С другой стороны, стало ясно, что личность Бернадотта и важность Швеции в той решительной борьбе, которая должна была начаться, не имели достаточного веса в политическом балансе Наполеона. Его пылкий, уникальный гений рисковал слишком много: он перегрузил крепкий фундамент и тем разрушил его. Он считал, что интересы Швеции естественным образом связаны с его интересами; в тот момент, когда он хотел ослабить мощь России, он воображал, что может отнять всё у шведов, не обещая им взамен ничего: его гордость не позволяла ему оказывать им помощь, он полагал, что они слишком заинтересованы в успехе его дела, чтобы когда-либо думать об отделении.
Однако мы должны посмотреть, что было немного раньше. Факты говорят о том, что причинами отступничества Швеции в равной степени были ревнивые амбиции Бернадотта и непоколебимая гордость Наполеона. Мы увидим, что большую долю ответственности за разрыв несет новый монарх: он предложил союз ценой предательства.
Когда Наполеон вернулся из Египта, он не стал первым среди равных по общему согласию. Затем те, кто уже тогда ревниво относились к его славе, стали завидовать его власти. Поскольку они не могли оспаривать славу, они пытались быть непослушными. Моро и несколько других генералов, по убеждению или принуждению, содействовали революции 18 брюмера — впоследствии они раскаивались в этом. Бернадотт отказался в ней участвовать. Находясь в собственной резиденции Наполеона посреди ночи, один в окружении тысячи преданных офицеров, ожидавших приказов завоевателя, Бернадотт, рьяный республиканец, был достаточно смел для того, чтобы не соглашаться с его аргументами, отказаться от второй роли в Республике и отвечать угрозами на гнев Наполеона. Тот позволил ему гордо удалиться; Бернадотт прошел через толпу сторонников Наполеона, унося свои секреты и объявив себя его врагом и обвинителем. То ли из уважения к брату, с которым Бернадотт был связан родственными узами, то ли из умеренности, обычной спутницы силы, или просто из удивления, Наполеон позволил ему тихо уйти.

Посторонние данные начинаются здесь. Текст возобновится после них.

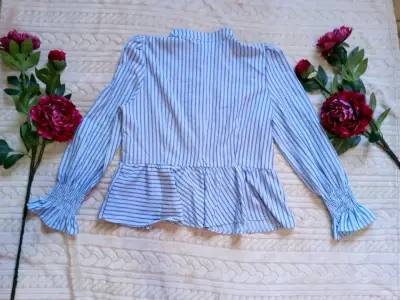 Blusa peplum rayada con hebillas - miniatura 5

Той же ночью в доме S***[4]шла тайная встреча, на которой присутствовали десять депутатов Совета пятисот; туда же направился Бернадотт. Они решили, что следующим утром, в девять часов, Совет пятисот проведет заседание, на которое должны быть приглашены только единомышленники; там по примеру Совета старейшин, послушно назначившего Бонапарта командующим своей гвардией, будет принят декрет о назначении Бернадотта командующим гвардией Совета пятисот. Эти солдаты, соответствующим образом вооруженные, должны были ждать приказа. Этот план родился в доме S***. Хозяин дома немедленно побежал к Наполеону и всё ему рассказал. Заговорщики боялись Наполеона, и никто из них не появился в Совете. На следующий день революция 18 брюмера была завершена.
Бернадотт был достаточно благоразумным для того, чтобы впоследствии притвориться покорным, но Наполеон не забыл его сопротивления. Он внимательно следил за всеми действиями Бернадотта. Вскоре он начал подозревать, что Бернадотт стоит во главе республиканского заговора на западе страны, направленного против него. Преждевременно выпущенная прокламация сделала заговор явным; офицер и сообщник Бернадотта, подвергавшийся аресту по другим делам, донес на ее авторов. На этот раз Бернадотт не должен был избежать наказания, если бы Наполеон решился осудить заговорщика.